Wednesday, March 01, 2006

Peace is a Practice

Ask anyone, and they will tell you they want peace. The question each of us must answer is what we’re prepared to do to attain it. Many of the worst tyrants in the world have justified their actions as necessary to achieve peace. Unfortunately, peace achieved through violence in any form inevitably leaves its residue, so that sometime later, pain and resentment rise to the surface and the cycle of violence in the name of peace continues.

From a Vedic perspective, each of us has opportunities on a daily basis to either contribute to or disturb the level of peace on earth. Most people do not commit regular acts of physical violence, but still express themselves in ways that are hurtful to those around them. Only about 15% of communication is the actual language we use. The remainder is the non-verbal information transmitted through our tone of voice, facial expressions, and body language. Sarcasm and condescension are forms of verbal aggression, leaving subtle wounds on hearts and minds. Paradoxically, in our ego-based struggles to fill our needs for control and approval, we create enemies who feed our sense of insecurity. 

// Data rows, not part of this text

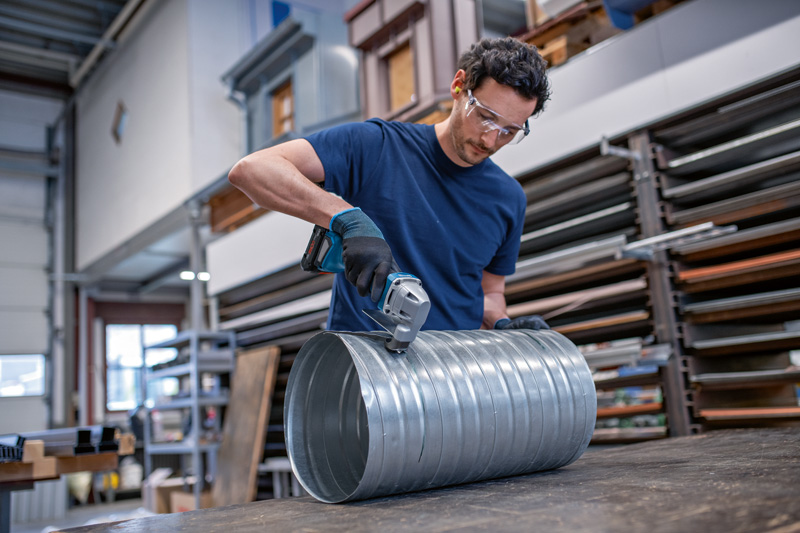 Eine Person mit Sicherheitsausrüstung schneidet mit einer kabellosen Metallschere einen großen Metallkanal durch. Anwendungsbild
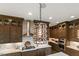 A kitchen showcasing dark wood cabinets, stainless steel appliances, a decorative light fixture, and light countertops at 2716 Willow Rock Ln, Apex, NC 27523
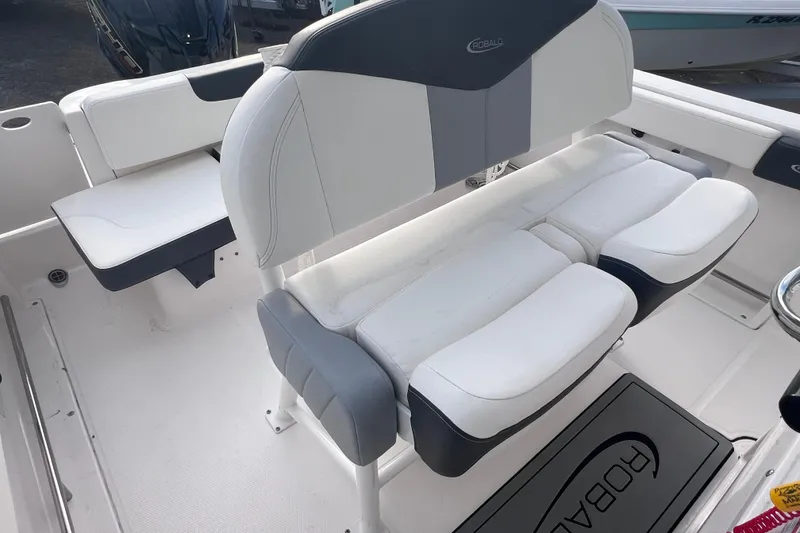 Slide: The Image of 2023 Robalo R222 Explorer boat interior with white and gray seating. - 24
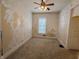 Empty bedroom with peeling wallpaper and a ceiling fan needing repairs at 152 1St W St, Shelbyville, IN 46176
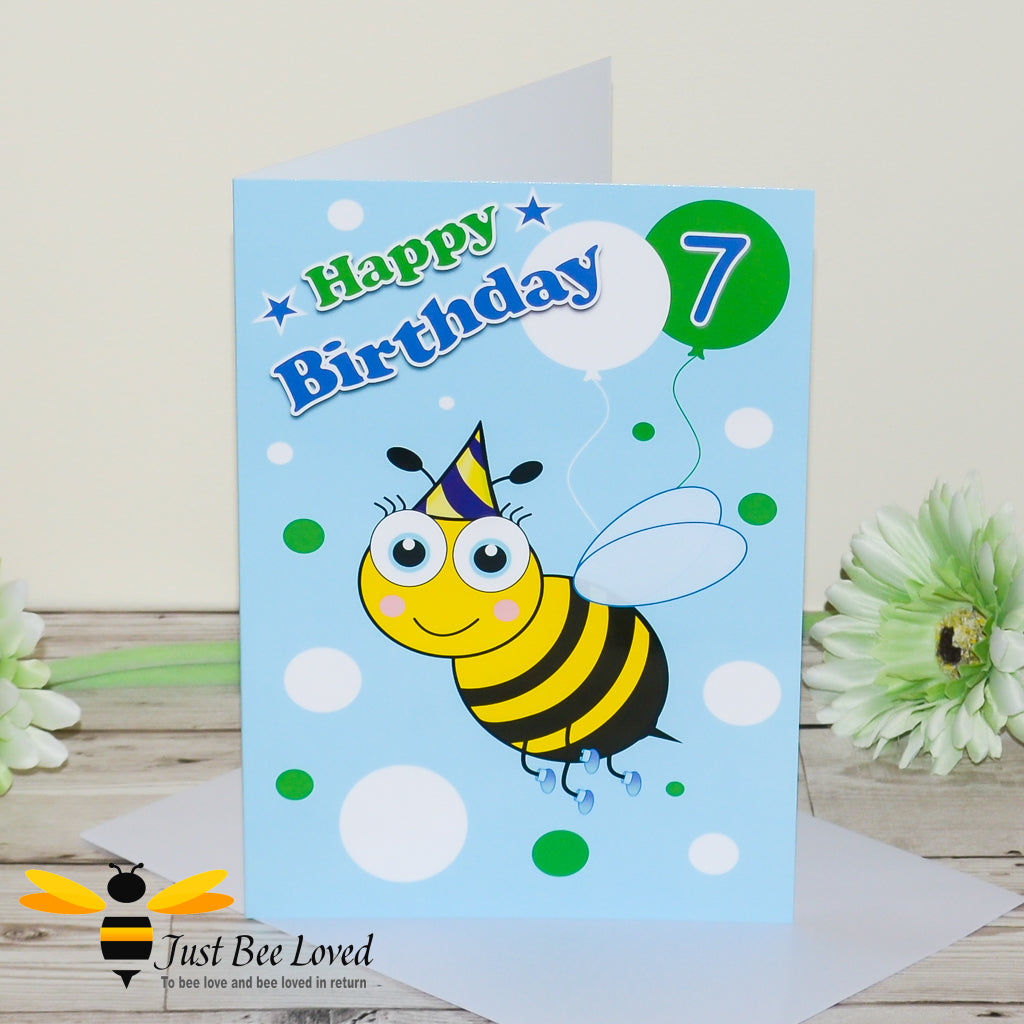 a 7th birthday greeting card for boy featuring a cartoon bee wearing a party hat with colourful balloons and the number 7.
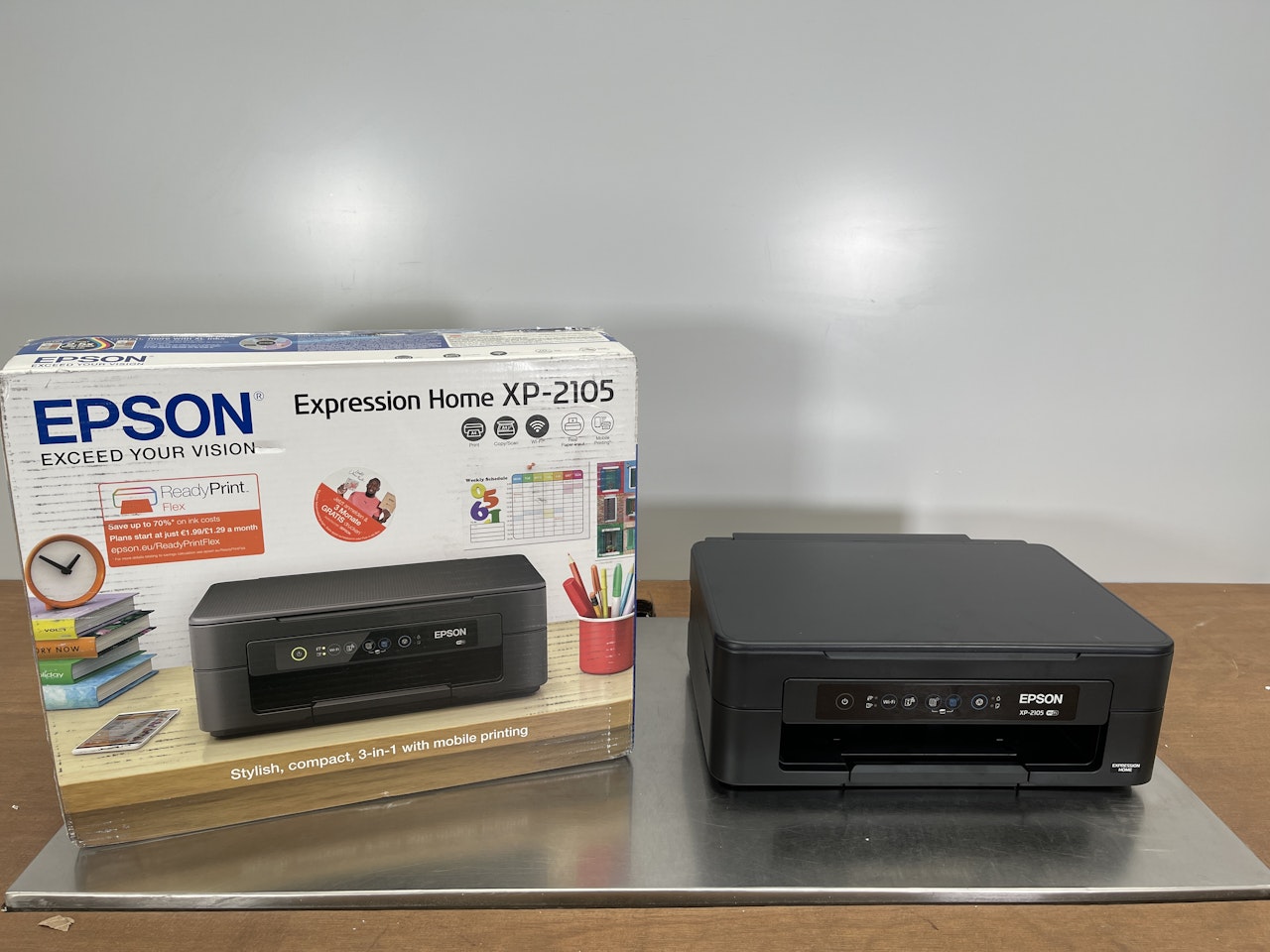1 imprimante epson xp-2105 Produit non testés Vendu en l’état sans garantie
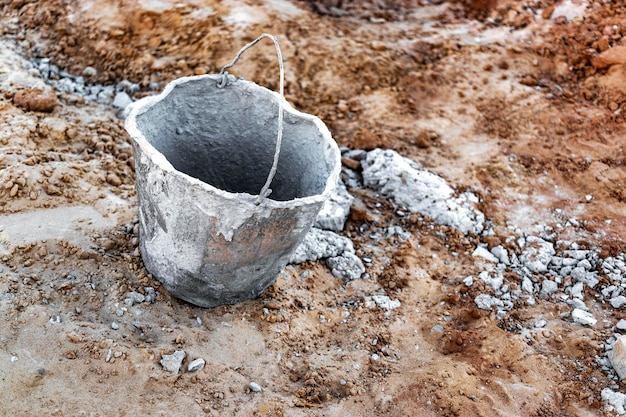 Um velho balde de metal manchado em concreto ou argamassa em um canteiro de obras Ferramenta de construção para concretagem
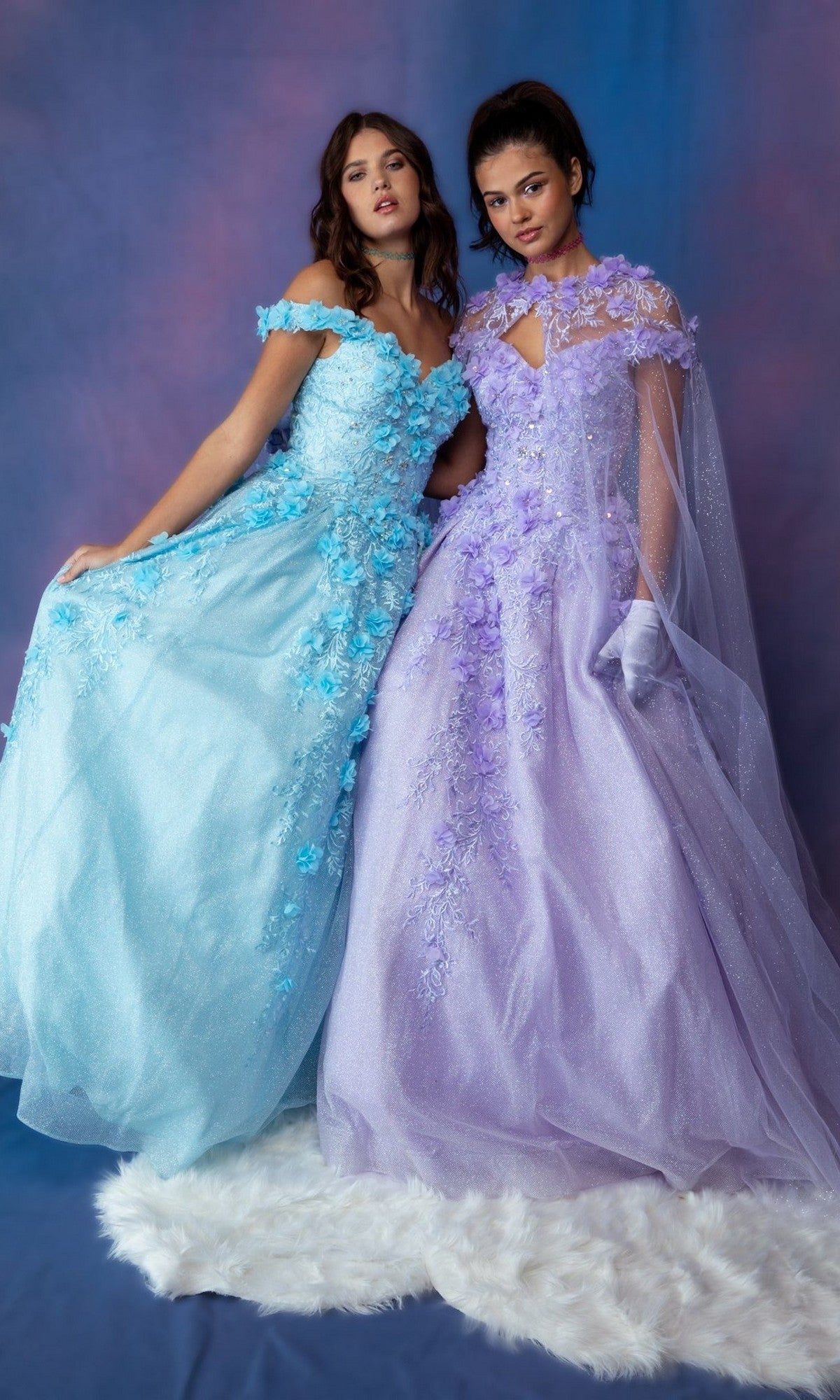 Two women wear Eureka 9339 long prom dresses—one in light blue glitter, the other in lavender with 3D floral appliques—standing on a white fur rug against a blue and purple backdrop.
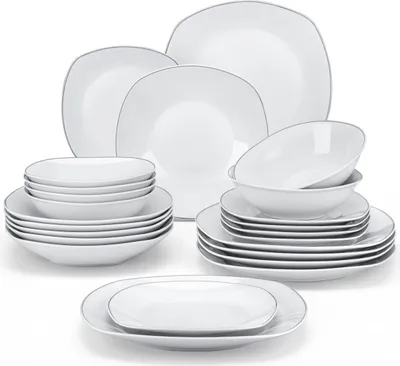 A collection of white ceramic plates and bowls with a thin silver rim, neatly stacked and arranged on a white background.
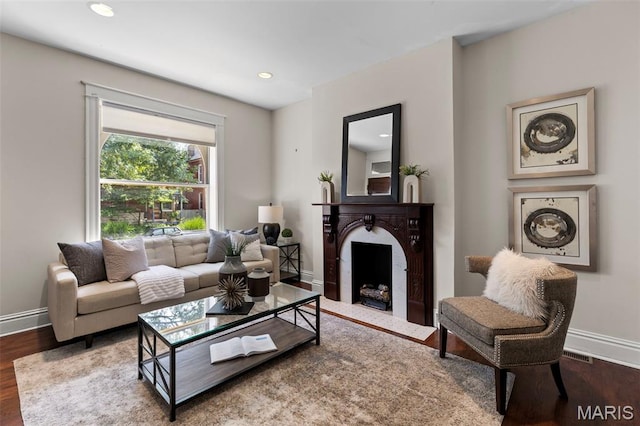 2811 Shenandoah Ave, Saint Louis, MO 63104 - living room featuring wood finished floors, a fireplace with flush hearth, and recessed lighting
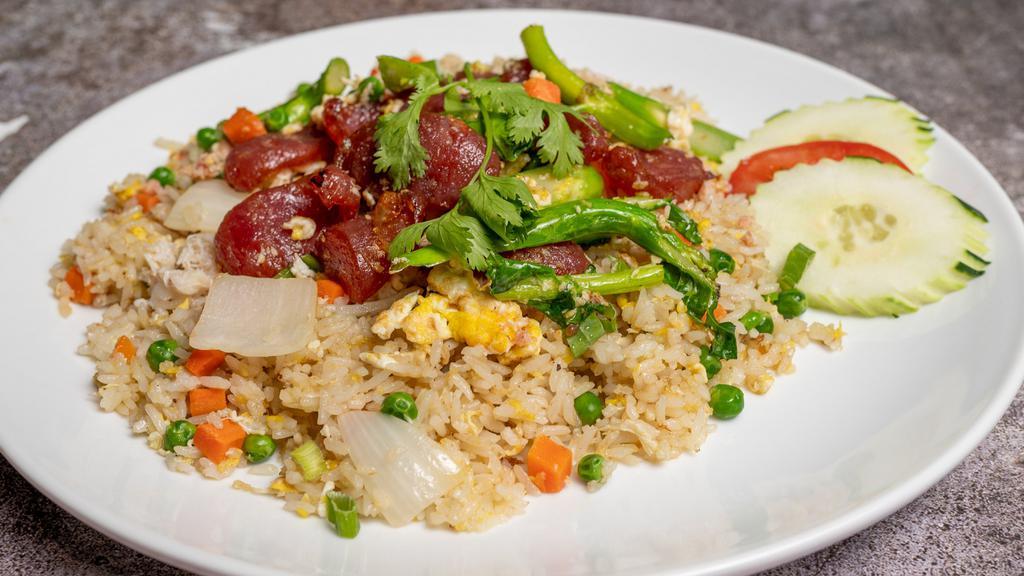 Chinese Sausage Fried Rice · Stir fried jasmine rice with Chinese sausage, egg, green and white onions, peas, carrots and Chinese broccoli in special sauce.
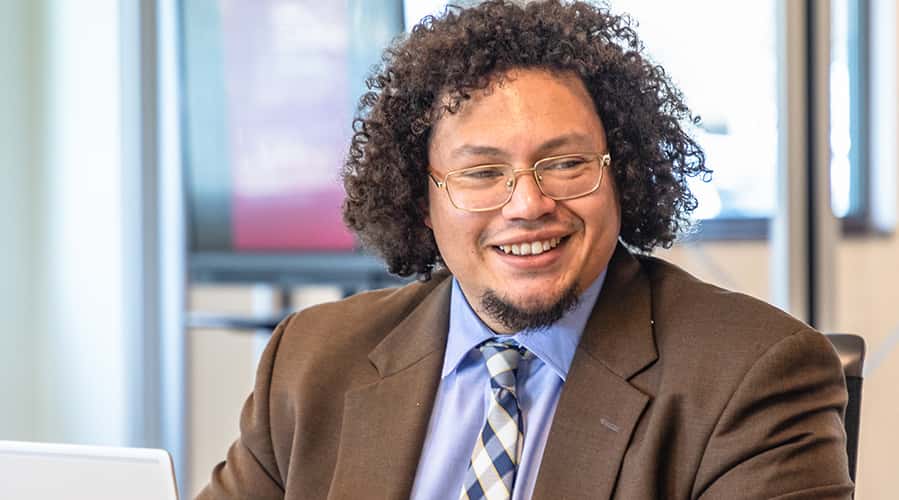 Student in business attire smiling in class.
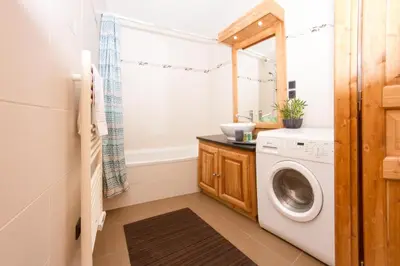 a laundry room with a washer and dryer at Le Paradis 24 apartment - Chamonix All Year in Chamonix-Mont-Blanc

Acts of peace and violence have ramifications in the world. Thoughts of peace and violence have ramifications within our bodies. Today, see if you can maintain a state of witnessing awareness in which you consciously choose to express peace in every thought, word, and action. As you are preparing to go to sleep, review your words and actions, and see if you added to peace today. If you recognize that in your need to defend your self-importance, you contributed to turbulence in some way, see if there is a commitment you can make to contribute to peace tomorrow. Peace is worth the practice it requires.